UK National Lottery bosses came under fire last night as Britons voiced their outrage at today's price rise.
A poll carried out to coincide with the hike revealed 78 per cent of Lotto customers say the increase in price is unfair.
The price of a ticket will double from today to £2 a line, prompting furious players to threaten to boycott the game.
A survey of more than 1,500 people found 73 per cent of weekly players are either "unhappy" or "very unhappy".
It also found more than half of players feel ownership of Camelot by the Canadian Ontario Teachers' Pension Plan is "bad for the UK".
The Survation poll, for the Health Lottery, found more than 60 per cent of players took part because they want to support worthy causes.
Some 70 per cent said they are less likely to buy a National Lottery ticket from today in light of the price rise. Ukip deputy leader Paul Nuttall said: "This is going to be felt more by people with less money.
"It is just another way that the fun is being taken out of having fun."
It comes as Camelot is accused of wasting £15million on a flashy advertising campaign about the increase.
Politicians and players attacked bosses for squandering cash which could have been donated to good causes.
Camelot was forced to raise it's marketing campaign as players threatened to leave in their droves because of the increase.
Millions have been spent on billboard, internet and TV adverts to promote the rebranded £2 Lotto.
Labour MP Jim Sheridan recently criticized Camelot's new advertising campaign — the biggest since the National Lottery launched in 1994.
He said: "I am alarmed that Camelot is intending to spend £15million advertising its price hike for lottery tickets. This money could and should be going to charity."
"I have made clear my views to Camelot that instead of handing out ludicrously huge amounts to a few, they should look at spreading the money around to benefit more people.
"I expressed concern that thousands of people who play the lottery could do without the price rise."
The poll revealed more than a third of players would be more likely to start playing the Health Lottery, which costs £1.
Health Lottery chief executive Dominic Mansour said: "The results of our independent customer research shows that lottery players continue to find the financial realities of life very tough indeed. Players will find the Lotto price jump from £1 to £2 a shock in just the same way as doubling the price of bread, milk, petrol or even chocolates would be a shock.
"I can't think of another popular product that has doubled its price overnight in the same way.
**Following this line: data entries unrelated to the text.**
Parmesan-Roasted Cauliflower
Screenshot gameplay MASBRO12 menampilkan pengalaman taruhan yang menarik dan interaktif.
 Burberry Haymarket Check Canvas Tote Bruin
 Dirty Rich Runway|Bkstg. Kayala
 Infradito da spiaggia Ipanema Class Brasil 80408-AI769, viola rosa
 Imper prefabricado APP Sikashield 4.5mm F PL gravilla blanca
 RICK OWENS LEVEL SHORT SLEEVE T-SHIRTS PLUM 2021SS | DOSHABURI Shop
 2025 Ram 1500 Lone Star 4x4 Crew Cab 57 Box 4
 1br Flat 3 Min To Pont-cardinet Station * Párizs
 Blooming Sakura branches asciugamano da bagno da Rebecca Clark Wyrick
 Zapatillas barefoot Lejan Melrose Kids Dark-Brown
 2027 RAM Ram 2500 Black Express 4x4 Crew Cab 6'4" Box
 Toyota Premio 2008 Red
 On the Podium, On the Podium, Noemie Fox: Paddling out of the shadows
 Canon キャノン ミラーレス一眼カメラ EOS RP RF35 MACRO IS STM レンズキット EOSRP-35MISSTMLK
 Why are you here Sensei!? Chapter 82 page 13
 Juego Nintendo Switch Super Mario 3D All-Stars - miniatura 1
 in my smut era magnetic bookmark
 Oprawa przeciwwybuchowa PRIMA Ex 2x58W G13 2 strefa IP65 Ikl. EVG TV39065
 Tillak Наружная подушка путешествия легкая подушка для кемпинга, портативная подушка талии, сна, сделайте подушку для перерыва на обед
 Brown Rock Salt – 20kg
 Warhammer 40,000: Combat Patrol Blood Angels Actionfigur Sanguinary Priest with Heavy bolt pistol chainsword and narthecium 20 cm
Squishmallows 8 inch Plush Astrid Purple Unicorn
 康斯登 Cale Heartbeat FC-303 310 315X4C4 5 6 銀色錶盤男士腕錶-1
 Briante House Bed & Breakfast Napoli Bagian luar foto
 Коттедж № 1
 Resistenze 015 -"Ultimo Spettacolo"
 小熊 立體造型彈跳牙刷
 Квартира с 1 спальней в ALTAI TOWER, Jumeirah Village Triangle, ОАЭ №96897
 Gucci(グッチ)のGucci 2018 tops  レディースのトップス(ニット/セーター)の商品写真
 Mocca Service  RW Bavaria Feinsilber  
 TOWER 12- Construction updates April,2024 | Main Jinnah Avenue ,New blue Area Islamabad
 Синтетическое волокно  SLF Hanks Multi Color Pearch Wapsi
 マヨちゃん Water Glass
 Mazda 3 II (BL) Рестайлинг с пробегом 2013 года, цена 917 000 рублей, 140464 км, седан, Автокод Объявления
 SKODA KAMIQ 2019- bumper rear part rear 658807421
That's why Health Lottery tickets are staying at £1."
The Health Lottery has helped raise more than £39million for good causes on behalf of 51 local society lotteries.
From Saturday Lotto prizes will rise for three or four numbers from £10 to £25 and from £60 to £100 respectively.
However, the average prize will fall for matching five numbers from £1,500 to £1,000 and be halved to £50,000 for five numbers and the bonus ball.
A Camelot spokesman said: "We are confident that the vast majority of our existing players will love the changes we are making and the new prizes they will be able to win."